The correct answer is D. Routing table. The routing table is volatile technical evidence because it is stored in memory and can change or be lost when the system is isolated, powered down, rebooted, or otherwise modified. In incident response and forensics, volatile evidence must be collected before less volatile evidence.
Exact supporting extract: the Sybex CySA+ Practice Tests explanation states that routing tables are typically stored in RAM, making them highly volatile. It also explains the order of volatility from least to most volatile as backups/printouts, disk drives, virtual memory, and finally CPU cache, registers, and RAM.
The Sybex CySA+ Study Guide states that forensic acquisition must account for the order of volatility, meaning how easily data can be lost. It explains that memory and cache data are highly volatile and may be lost if the system is powered off, while disk data is much less volatile.

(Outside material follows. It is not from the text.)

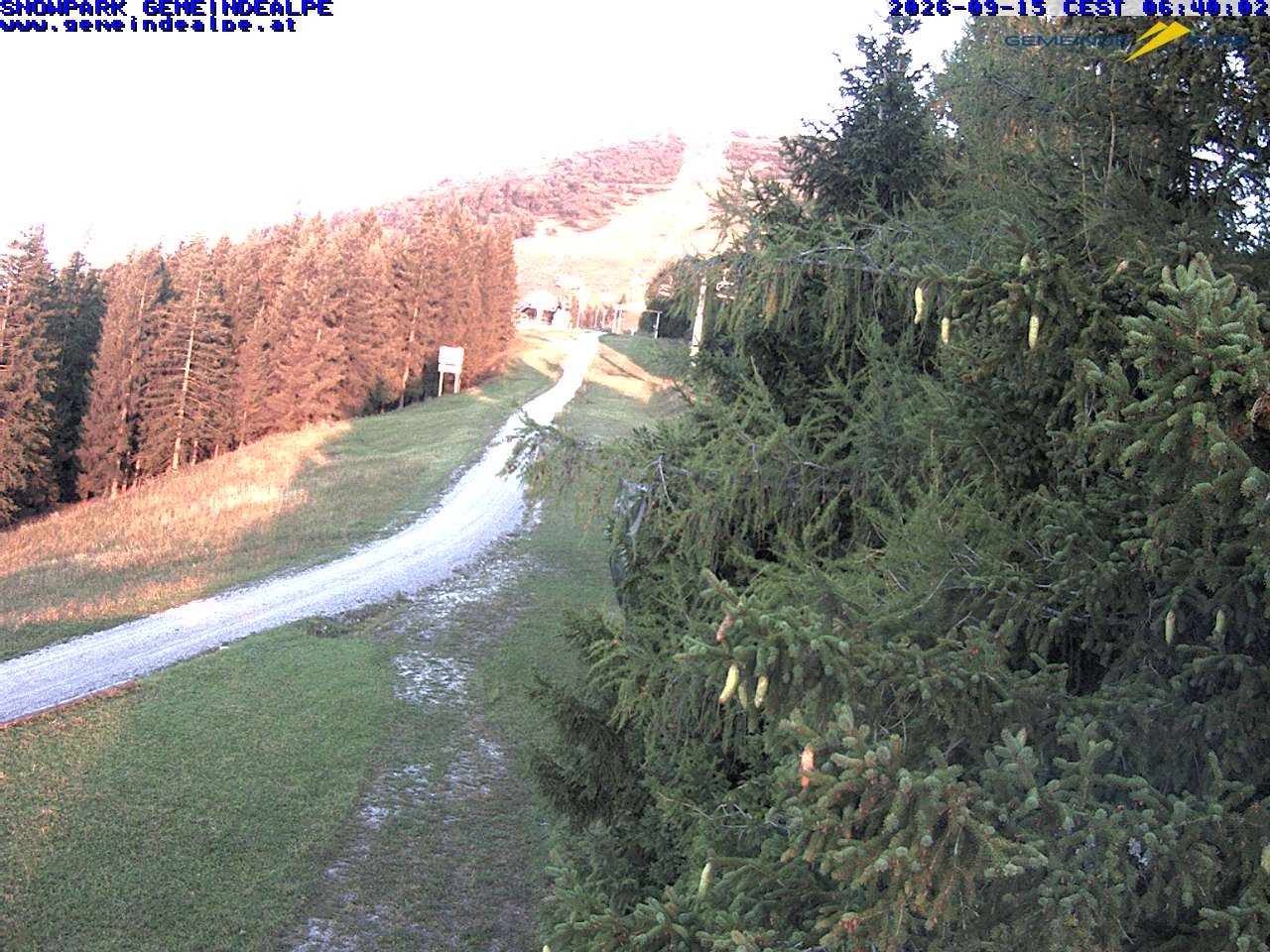 Archiv Foto Webcam Mitterbach - Gemeindealpe Snowpark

The Secbay CySA+ guide also states that the order of volatility must be followed because failing to do so will likely result in evidence being lost. It specifically notes that volatile data is kept in areas such as CPU cache and memory, while archived media persists for much longer.
Why the other options are incorrect:
A. Hard disk is persistent storage and can be imaged later using forensic procedures.
B. Primary boot partition is also persistent disk evidence.
C. Malicious files are important, but files on disk are less volatile than memory-resident network state.
E. Static IP address is configuration information and is not as volatile as the active routing table.
D is correct because the routing table should be captured before isolation changes the server’s active network state.